Selon Olivier Véran, "les Français commencent à voir les outrances permanentes et la méthode anti-Coué de certains parlementaires ou d’élus locaux d’opposition, qui, à chaque fois qu’une mesure est prise, disent immédiatement que cela ne marche jamais".

"C'est la réalité!", n'ont pourtant cessé de scander les députés visés, particulièrement sur les bancs de LR. "En toute sympathie" et "en toute amitié", le ministre de la Santé a poursuivi en affirmant que "les Français commencent un peu à s’en lasser".

"Alors que la plupart des pays autour de nous subissent un confinement généralisé, les Français constatent que leurs enfants vont à l’école, que l’économie a été soutenue et que les emplois sont préservés grâce au chômage partiel et au fonds de solidarité", s'est-il ensuite défendu, en ajoutant, "la situation est difficile: personne ne le nie".

"Aidez-nous"

C'est alors que, après avoir tenté d'illustrer combien la gestion d'une épidémie aussi imprévisible était une épreuve "difficile" pour l'exécutif, Olivier Véran a enjoint les oppositions à se montrer plus conciliantes.

"Aidez-nous, faites des propositions utiles, expliquez-nous les alternatives, retroussez vos manches, allez dans les territoires et dans les centres de vaccination (...) Vous pourrez alors constater qu’il y a toujours deux sortes de personnes dans la vie, au Parlement comme ailleurs: il y a ceux qui cherchent des problèmes et ceux qui trouvent des solutions", a-t-il conclu sous les vives protestations des groupes LR et La France insoumise.

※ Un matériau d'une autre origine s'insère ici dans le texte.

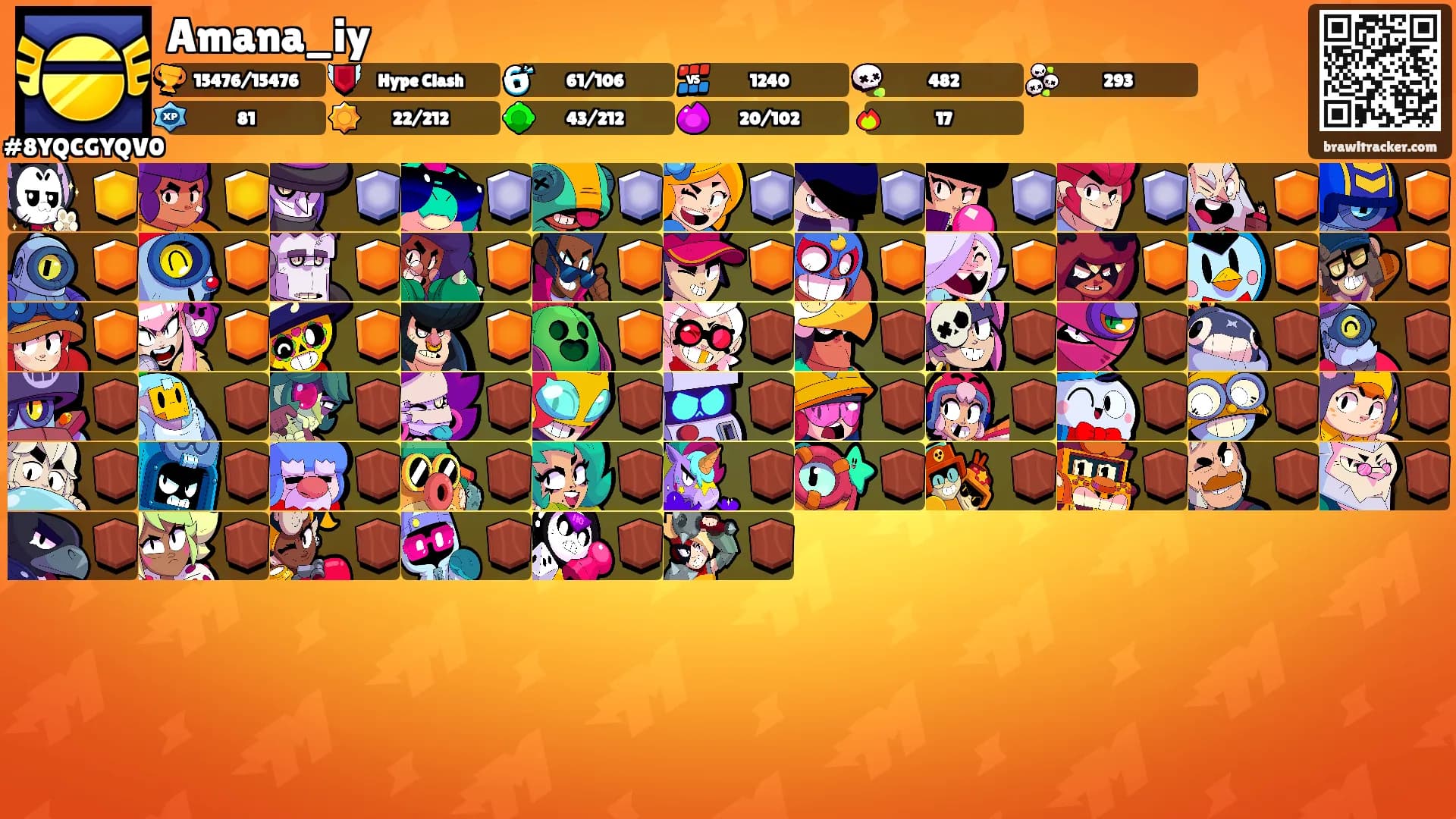 Amana_iy's Ranks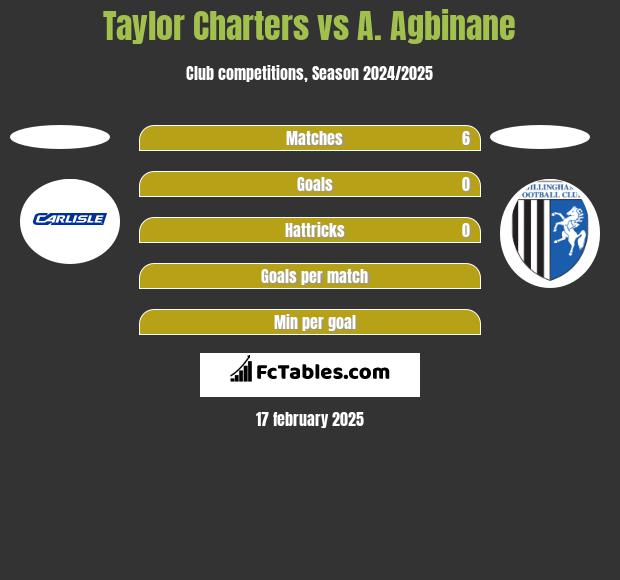 Taylor Charters vs A. Agbinane h2h player stats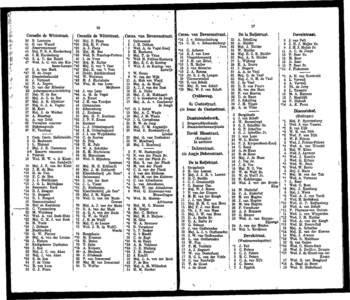  Adresboek van Dordrecht. 1922 samengesteld uit het bevolkingsregister der Gemeente, bijgewerkt tot 1 april 1922, pagina 15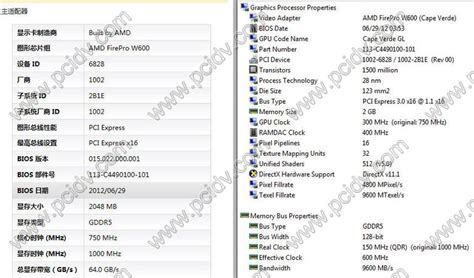 gtx560ti接口最大分辨率-百度经验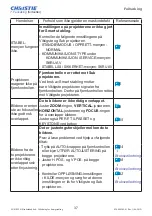 Preview for 239 page of Christie LW41 User Manual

Ce n'est pas la première fois que le ministre des Solidarités et de la Santé tance les parlementaires d'opposition depuis le début de l'épidémie de Covid-19. Début novembre, sur un autre texte portant prorogation de l'état d'urgence sanitaire, Olivier Véran s'en était vivement pris à la droite à la suite d'un vote sur lequel le groupe La République en marche s'était trouvé en minorité.

"On n'a jamais raison de perdre son calme, même s'il peut y avoir des raisons de le perdre", s'était-il expliqué le surlendemain face à la presse.